There is no requirement that we have random samples from one or more populations—in fact we usually have not sampled randomly.
We rarely think in terms of the populations from which the data came, and there is no need to assume anything about normality or homoscedasticity.
Our null hypothesis has nothing to do with parameters, but is phrased rather vaguely, as, for example, the hypothesis that the treatment has no effect on the how participants perform.

That might be phrased a bit more precisely by saying that, under the null hypothesis, the score that is associated with a participant is independent of the treatment that person received.

Because we are not concerned with populations, we are not concerned with estimating (or even testing) characteristics of those populations.
We do calculate some sort of test statistic, however we do not compare that statistic to tabled distributions.

Instead, we compare it to the results we obtain when we repeatedly randomize the data across the groups, and calculate the corresponding statistic for each randomization.

Even more than parametric tests, randomization tests emphasize the importance of random assignment of participants to treatments.

To elaborate on the previous points, suppose that we had two groups of participants who were randomly assigned to treatments. One treatment was a control condition with scores of 17, 21, and 23 on some dependent variable, and the other was an intervention condition with scores of 22, 25, 25, and 26. It is not important where the participants came from, so long as they were randomized across treatments. If the treatment had no effect on scores, the first number that we sampled (17) could just as easily have been found for the second treatment as for the first. With 3 observations in the Control condition, and 4 observations in the intervention condition, and if the null hypothesis is true, any 3 of those 7 observations could equally well have landed in control condition, with the remainder landing in the intervention condition. The data are "exchangeable" between conditions. After calculating all of the possible combinations of the 7 observations into one group of 3 and another group of 4 (there are 35 such arrangements), we calculate the relevant test statistic for each arrangement, and compare our obtained statistic to that reference distribution (usually referred to as a sampling distribution with parametric tests). We then reject or retain the null. In this case, you will find that there is only one arrangement of the data that would have a smaller mean for treatment 1 and a larger mean for treatment 2. Thus, for a one tailed test, there are only two data sets (including the one we obtained) that are at least as extreme as the data we found. So a difference as great as ours would occur only 2 times out of 35, for a probability of .0571 under the null hypothesis. (The corresponding two-tailed test would have a probability of approximately .1142.)

Cliff Lunneborg has written an excellent discussion of randomization tests. (Unfortunately, Cliff Lunneborg has died, and the paper is no longer available at his web site. By some good fortune, I happen to have copies of those pages. I have finally made them available for direct downloading at LunneborgPapers.zip . I consider this required reading to understand the underlying issues behind randomization tests. Lunneborg writes extremely well, but (and?) he chooses his words very carefully. Don't read this when you are too tired to do anything else--you have to be alert.

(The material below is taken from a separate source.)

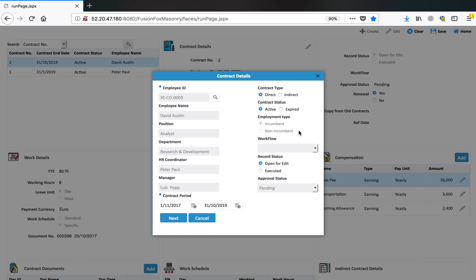If this employee is already incumbent, it comes automatically here. You can also link a workflow to take appropriate approvals on this particular contract before it can be formalized.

At this point it might be useful to skim the first part of the page on a randomization test between the means of two samples. If you do so, you will see that the example includes data from two conditions in which we record the amount of time that it took someone to leave their parking place once they arrived at their car. In one condition another driver was waiting for the space, and in the other condition there was no one waiting. The question concerns whether the presence of someone who wants the parking space affects the time that it takes the parked driver to leave. Although what follows refers to randomization tests in general, I need to focus on an example, and the example that I have chosen involves differences between two independent groups.

The Null Hypothesis

As I have said, the issue of the null hypothesis is a bit murkier with nonparametric tests in general than it is with parametric tests. At the very least we replace specific terms like "mean" with loose generic terms like "location". And we generally substitute some vague statement, such as "having someone waiting will not affect the time it takes to back out," for precise statements like "m₁ = m₂." This vagueness gains us some flexibility, but it also makes the interpretation of the test more difficult. I elaborated on this issue in the section on the philosophy of resampling procedures.

Basic Approach

The basic approach to randomization tests is straightforward. I'll use the two independent group example, but any other example would do about as well.

Decide on a metric to measure the effect in question.

For this example I will use the t statistic, though several others are possible and equivalent, including the difference between the means or the mean of the first group. (Most discussions of this specific test would focus on the difference between means, but I will stick with the traditional Student's t test because that makes for a better parallel between randomization and parametric tests.)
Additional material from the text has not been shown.